EXERCISE REQUIREMENTS: Starting at the first line of the listing below, repeat each line exactly until the line containing "Saliekamās Gultas 2", which you include. Leave out pictures.

SOURCE MATERIAL:
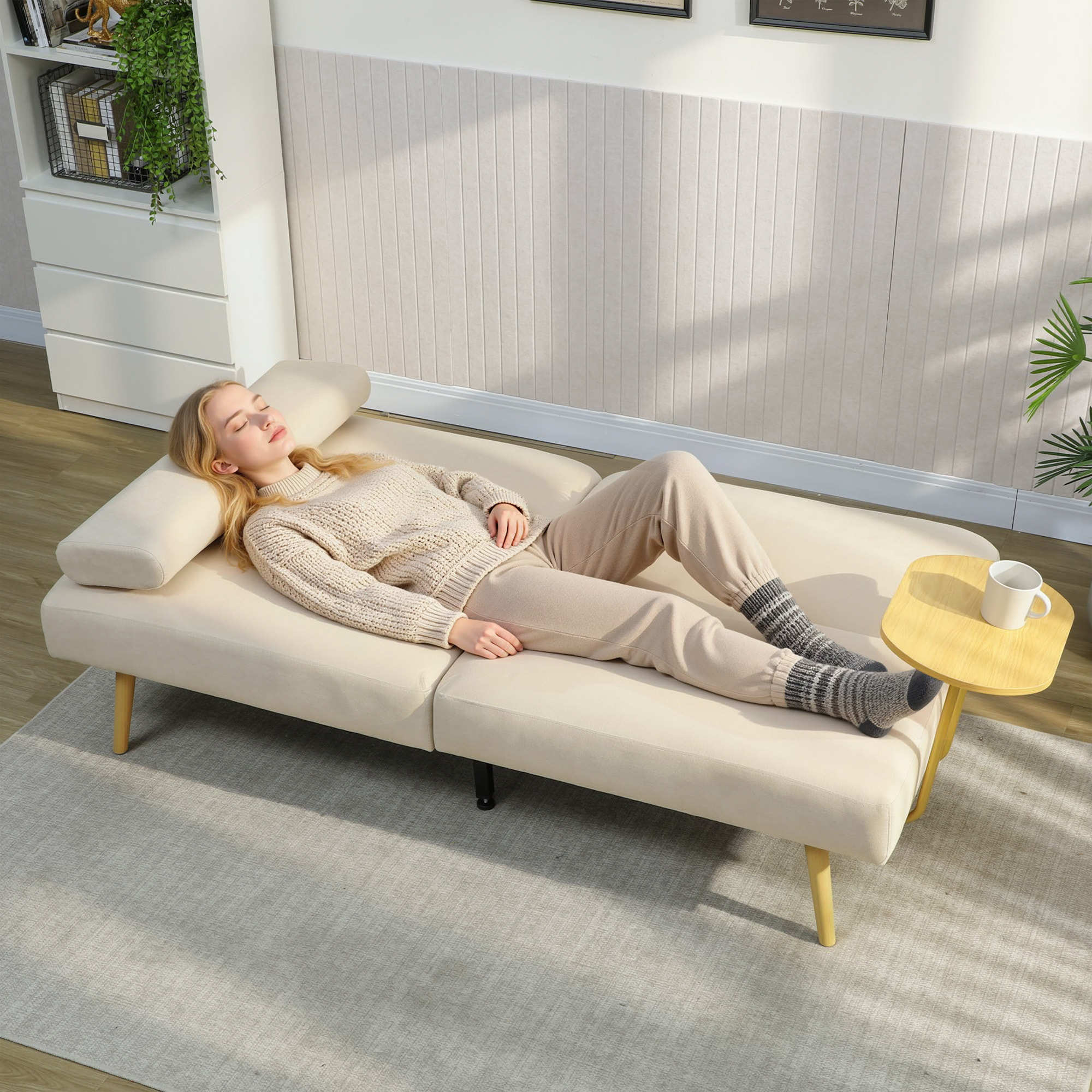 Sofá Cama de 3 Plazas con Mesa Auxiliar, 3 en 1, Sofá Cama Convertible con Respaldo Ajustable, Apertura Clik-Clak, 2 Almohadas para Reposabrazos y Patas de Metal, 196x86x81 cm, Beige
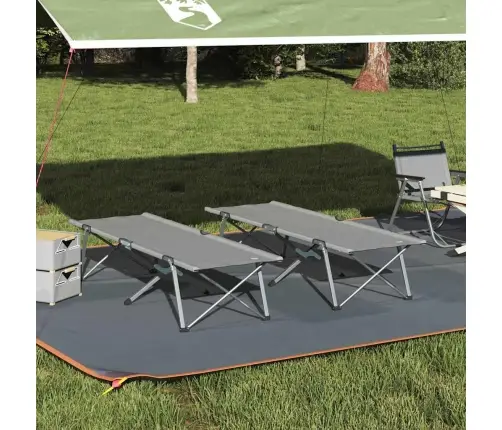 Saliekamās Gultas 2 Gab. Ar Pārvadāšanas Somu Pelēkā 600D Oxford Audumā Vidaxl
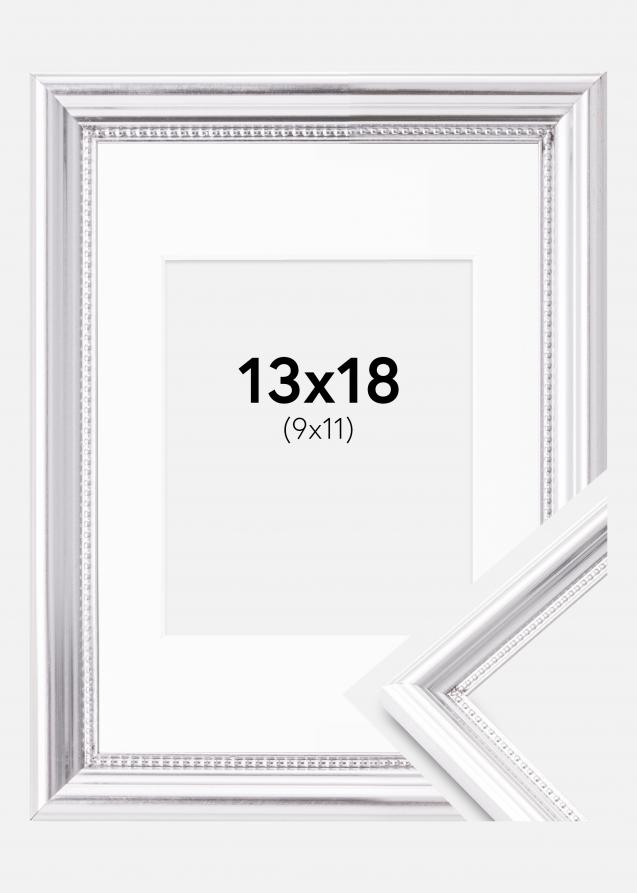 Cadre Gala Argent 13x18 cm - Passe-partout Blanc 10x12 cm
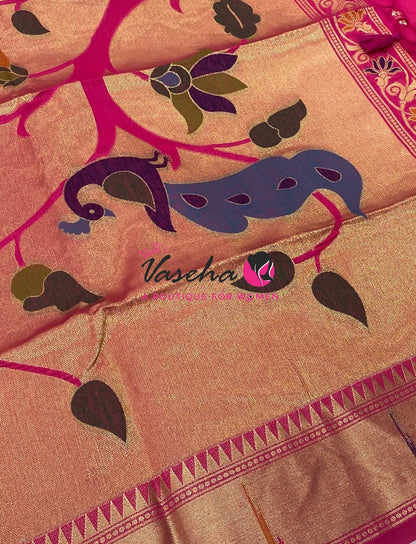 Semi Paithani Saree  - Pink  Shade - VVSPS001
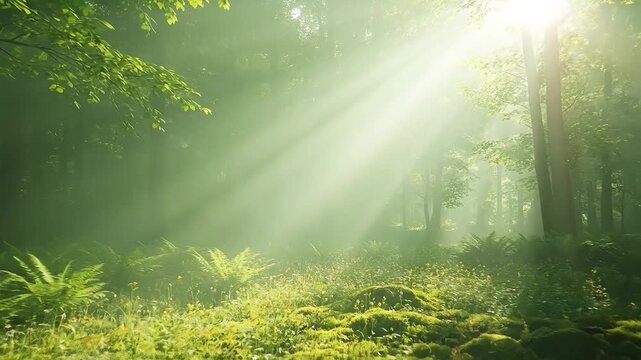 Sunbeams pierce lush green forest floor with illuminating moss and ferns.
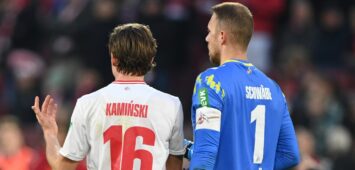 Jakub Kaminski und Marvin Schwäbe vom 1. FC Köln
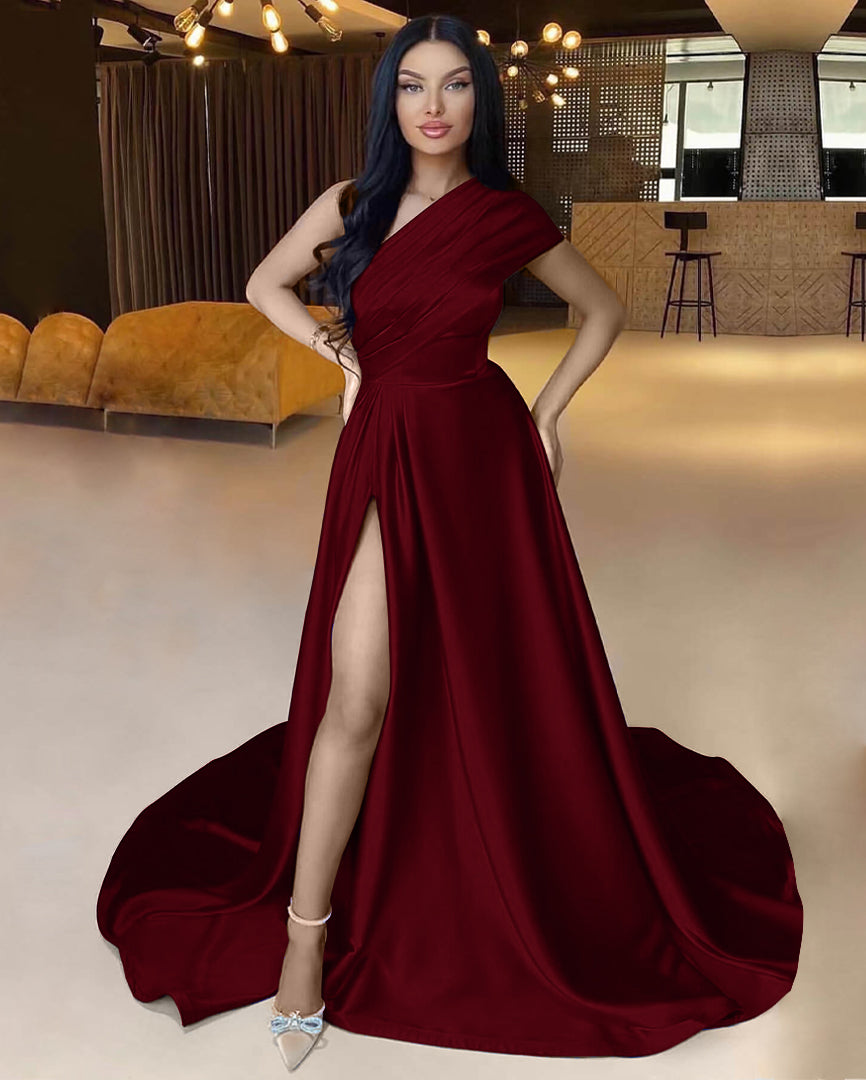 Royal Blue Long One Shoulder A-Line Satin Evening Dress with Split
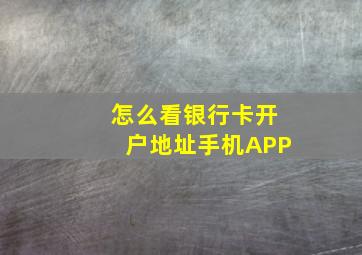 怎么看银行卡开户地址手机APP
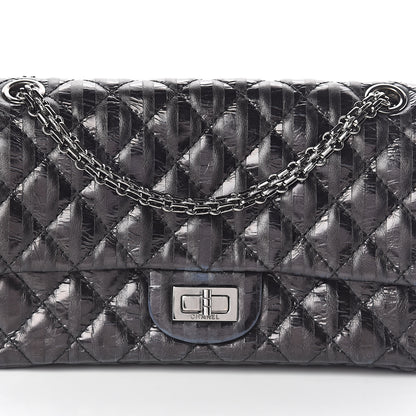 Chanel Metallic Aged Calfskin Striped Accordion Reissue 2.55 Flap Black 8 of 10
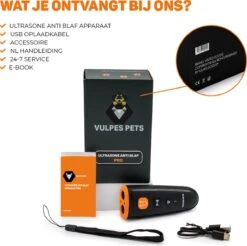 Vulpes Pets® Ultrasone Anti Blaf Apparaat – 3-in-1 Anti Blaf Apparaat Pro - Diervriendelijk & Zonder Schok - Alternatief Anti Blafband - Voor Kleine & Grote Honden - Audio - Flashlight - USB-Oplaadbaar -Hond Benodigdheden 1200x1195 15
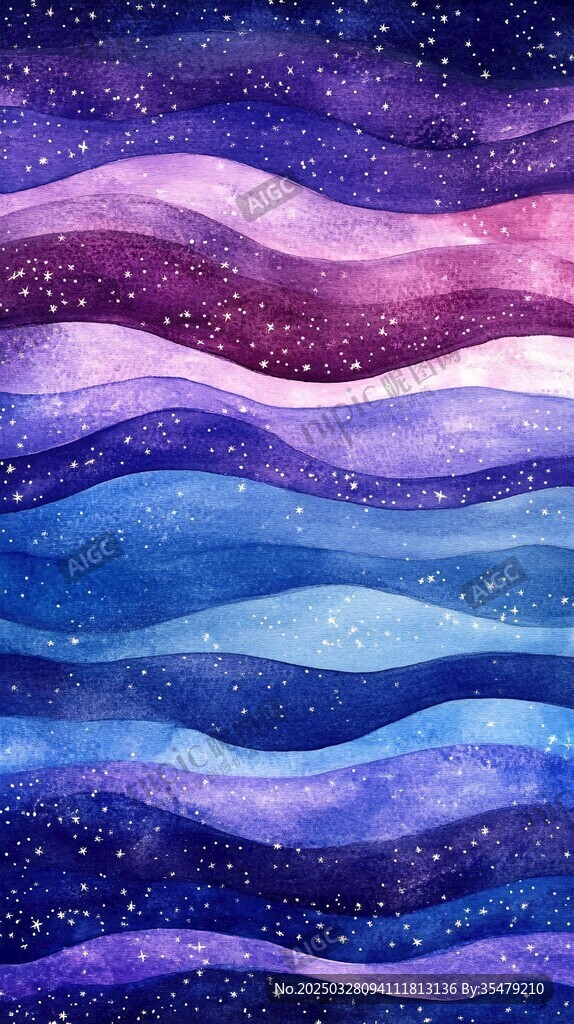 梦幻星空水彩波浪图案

FINISHED EXERCISE:
 Sofá Cama de 3 Plazas con Mesa Auxiliar, 3 en 1, Sofá Cama Convertible con Respaldo Ajustable, Apertura Clik-Clak, 2 Almohadas para Reposabrazos y Patas de Metal, 196x86x81 cm, Beige
 Saliekamās Gultas 2 Gab. Ar Pārvadāšanas Somu Pelēkā 600D Oxford Audumā Vidaxl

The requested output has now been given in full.